I'm currently in my 2ww after my 4th ICSI cycle.I had 2 4-celled embies transferred on 13th.Anyone care to join me in this crazy wait??


   to yous all


----------



## birthbaby (Aug 11, 2004)

hi c bear
hows u?i also had grade 2 5 cells x2
im testing the 26th and this also my 4th ivf so let it be a  all round hey keep me posted all the best love nikki


----------



## moosedog (Jan 3, 2005)

Hi cbear

I had two embies put on board on 13th as well so testing on wed 27th.  I don't know about you but this wait is killing me, this is my first try at IVF and everything i have heard about it is true - you really do need so much wilpower to get through this.  My boobs are so sore, is this s good sign or not?

Les X


----------



## Cal 28 (Mar 30, 2005)

Hi all, 

Just thought I'd join in I'm also testing on the 27th after our first go at IVF and I'm finding the wait worst than the treatment.

It's also my first post on here and I'm liking all the faces.

Good luck all   

Cal


----------



## witchypoo (Nov 12, 2004)

Hi
Just wanted to wish you all luck.

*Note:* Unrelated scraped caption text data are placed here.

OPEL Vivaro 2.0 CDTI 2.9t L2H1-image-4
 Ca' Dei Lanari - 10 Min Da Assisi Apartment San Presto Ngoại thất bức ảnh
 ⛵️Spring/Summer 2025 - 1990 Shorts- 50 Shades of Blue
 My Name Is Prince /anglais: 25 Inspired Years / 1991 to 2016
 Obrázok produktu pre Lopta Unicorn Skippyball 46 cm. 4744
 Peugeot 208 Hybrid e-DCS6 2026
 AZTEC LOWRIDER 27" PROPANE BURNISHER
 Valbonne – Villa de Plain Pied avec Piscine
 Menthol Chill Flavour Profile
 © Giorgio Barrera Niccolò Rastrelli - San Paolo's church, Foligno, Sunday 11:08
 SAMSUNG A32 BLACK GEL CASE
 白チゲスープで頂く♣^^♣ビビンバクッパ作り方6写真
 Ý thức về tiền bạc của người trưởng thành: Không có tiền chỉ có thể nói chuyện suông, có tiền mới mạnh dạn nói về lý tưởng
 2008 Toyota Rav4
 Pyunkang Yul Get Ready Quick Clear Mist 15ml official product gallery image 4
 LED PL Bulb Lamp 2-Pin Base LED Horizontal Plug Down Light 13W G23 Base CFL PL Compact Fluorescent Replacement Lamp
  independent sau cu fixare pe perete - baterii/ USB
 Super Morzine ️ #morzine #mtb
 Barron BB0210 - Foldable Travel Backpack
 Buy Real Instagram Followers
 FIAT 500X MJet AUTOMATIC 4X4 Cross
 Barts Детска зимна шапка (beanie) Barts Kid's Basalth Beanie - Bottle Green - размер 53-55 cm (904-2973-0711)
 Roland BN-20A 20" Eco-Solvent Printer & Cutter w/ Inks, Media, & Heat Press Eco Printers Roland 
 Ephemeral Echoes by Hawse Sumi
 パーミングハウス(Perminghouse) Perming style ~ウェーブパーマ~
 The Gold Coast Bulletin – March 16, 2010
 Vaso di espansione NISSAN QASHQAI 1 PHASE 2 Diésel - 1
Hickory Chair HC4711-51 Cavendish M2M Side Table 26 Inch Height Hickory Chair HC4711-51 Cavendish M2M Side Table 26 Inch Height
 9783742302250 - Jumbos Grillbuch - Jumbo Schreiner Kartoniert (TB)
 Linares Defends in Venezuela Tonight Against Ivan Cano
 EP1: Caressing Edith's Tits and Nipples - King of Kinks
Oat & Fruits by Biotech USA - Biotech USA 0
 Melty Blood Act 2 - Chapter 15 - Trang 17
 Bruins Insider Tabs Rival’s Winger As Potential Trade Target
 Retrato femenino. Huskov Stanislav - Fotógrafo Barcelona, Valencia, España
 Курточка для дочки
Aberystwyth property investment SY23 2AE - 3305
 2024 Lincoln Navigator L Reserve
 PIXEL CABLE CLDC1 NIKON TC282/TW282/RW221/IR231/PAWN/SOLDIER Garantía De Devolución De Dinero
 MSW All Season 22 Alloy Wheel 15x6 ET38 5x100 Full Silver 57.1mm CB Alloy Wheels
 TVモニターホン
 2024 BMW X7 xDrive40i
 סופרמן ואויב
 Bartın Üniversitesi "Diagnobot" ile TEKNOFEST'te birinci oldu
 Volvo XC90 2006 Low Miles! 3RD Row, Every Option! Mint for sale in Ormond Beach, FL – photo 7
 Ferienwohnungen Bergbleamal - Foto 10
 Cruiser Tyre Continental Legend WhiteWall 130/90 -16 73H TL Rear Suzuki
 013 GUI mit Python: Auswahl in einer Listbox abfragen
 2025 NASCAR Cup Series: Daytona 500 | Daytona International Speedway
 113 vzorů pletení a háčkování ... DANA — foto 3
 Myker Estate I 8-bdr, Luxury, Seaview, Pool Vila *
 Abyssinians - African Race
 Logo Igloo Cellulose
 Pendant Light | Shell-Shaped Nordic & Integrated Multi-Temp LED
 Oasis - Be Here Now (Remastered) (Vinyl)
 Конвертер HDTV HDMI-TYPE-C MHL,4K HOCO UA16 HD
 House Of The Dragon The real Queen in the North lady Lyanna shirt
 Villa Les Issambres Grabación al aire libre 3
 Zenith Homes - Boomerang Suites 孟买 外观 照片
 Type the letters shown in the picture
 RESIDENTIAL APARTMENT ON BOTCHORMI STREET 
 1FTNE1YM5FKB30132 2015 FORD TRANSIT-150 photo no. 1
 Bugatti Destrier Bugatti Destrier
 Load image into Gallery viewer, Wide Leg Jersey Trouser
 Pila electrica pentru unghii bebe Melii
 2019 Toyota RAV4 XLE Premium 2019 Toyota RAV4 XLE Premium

I'm due to test on the 29th - here's to much babydust for us all!


----------



## Cbear (Mar 8, 2004)

Welcome aboard!!!

I was starting to think I was the only one going crazy! I guess I should know what it's like as this is my 4th cycle. I think it's worse this time as this will most likely be my last shot 

I was soooo tempted to POAS this morning but somehow managed to convince myself it would be a waste of money!

How's everyone feeling??

I started with cramps las night and really felt negative about the whole thing especially as I still have a week to go.......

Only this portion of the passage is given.